EXERCISE INSTRUCTIONS:
Copy each line below as it stands, but skip any picture it contains.

SOURCE DATA:
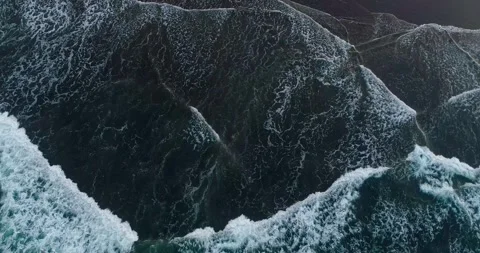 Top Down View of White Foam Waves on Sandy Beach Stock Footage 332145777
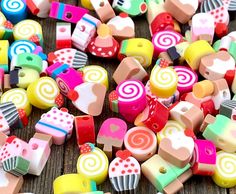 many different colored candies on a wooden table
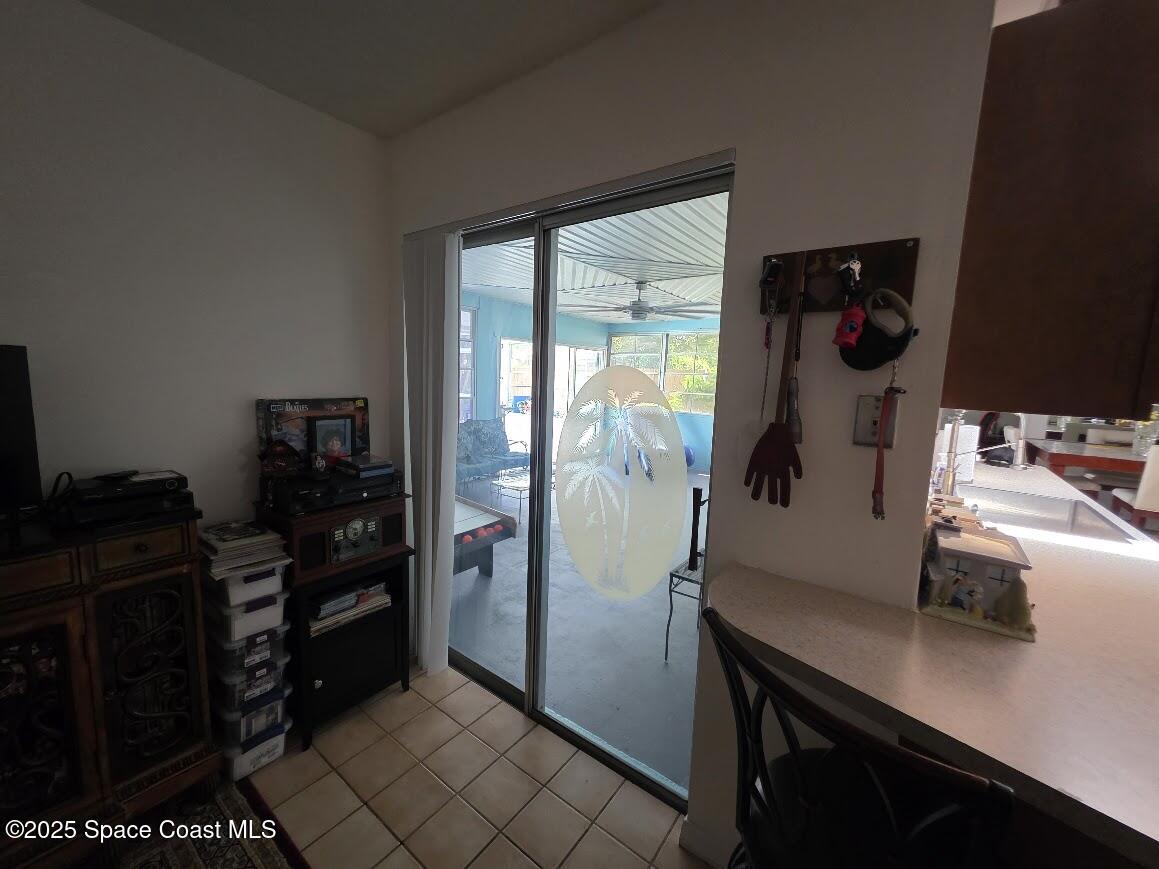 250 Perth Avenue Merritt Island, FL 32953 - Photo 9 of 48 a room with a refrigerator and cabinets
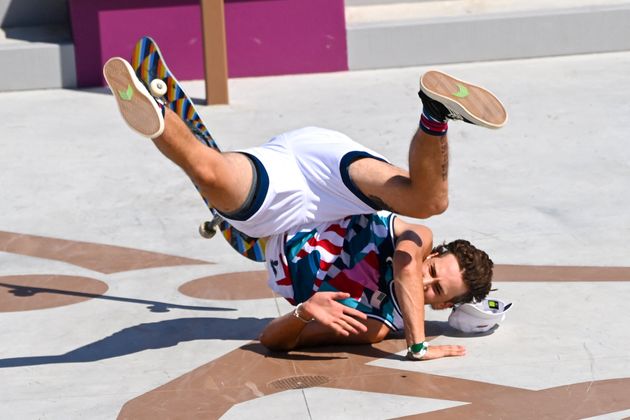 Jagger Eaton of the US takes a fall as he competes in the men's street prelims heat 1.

FINAL ANSWER:
 Top Down View of White Foam Waves on Sandy Beach Stock Footage 332145777
 many different colored candies on a wooden table
 250 Perth Avenue Merritt Island, FL 32953 - Photo 9 of 48 a room with a refrigerator and cabinets
 Jagger Eaton of the US takes a fall as he competes in the men's street prelims heat 1.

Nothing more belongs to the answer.